Interesting to note that the teens and young adults who overthrew the government elected their new prime minister on Discord, and the military acknowledged the election and put the winner in place.
Interesting to note that the teens and young adults who overthrew the government elected their new prime minister on Discord, and the military acknowledged the election and put the winner in place.
That is not a good analysis of the situation, or a good understanding of it. I guess I’ll tell my friends on the ground in Nepal (and you should tell our Nepalese users too) that they are just “western leftists” falling for another “misinfo campaign” because their damn lying eyes and ears are just tools of the US government.
This isn’t some kind of “reality inverted itself” this is people using tools they use every day to fix a problem they had after the previous government turned out to be both useless and toothless.
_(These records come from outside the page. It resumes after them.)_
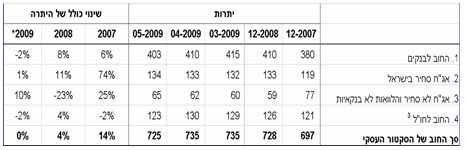 החוב העסקי 1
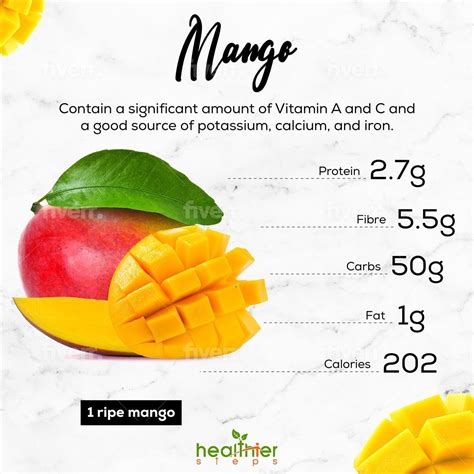 Nutritional Benefits of a Luscious Golden Mango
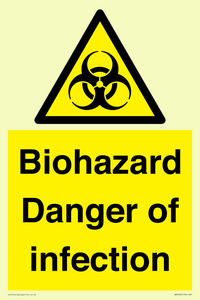 WN7022: Biohazard Danger of infection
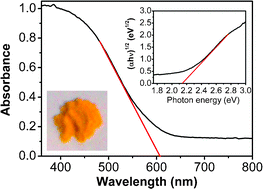 Graphical abstract: Hierarchical Bi7O9I3 micro/nano-architecture: facile synthesis, growth mechanism, and high visible light photocatalytic performance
It’s very, very dumb for them to use something like Discord to pick their new leader, but a big part of their issues was that the previous government was trying to ban things like Discord in the country, social media stuff that the average person uses every day, and doesn’t give a shit about whether the US government can influence things on it.
The worry is how easily the US government could co-opt this movement, because they are basically leaving every single door open for them to do so, and the US will probably end up using that, they just don’t seem to yet. Taking a “this is a movement by the people, but will probably become co-opted” isn’t falling for anything. It’s using the information we have to assess the situation, instead of just assuming that any time anything happens it is the Big Bad US government doing it. That’s not material analysis, it’s being scared of the monster under the bed and helps no one.
There is no co-option. Western NGOs with NED funding have been training Nepalese youth on “anti-corruption” seminars for years. This is a long laid plan.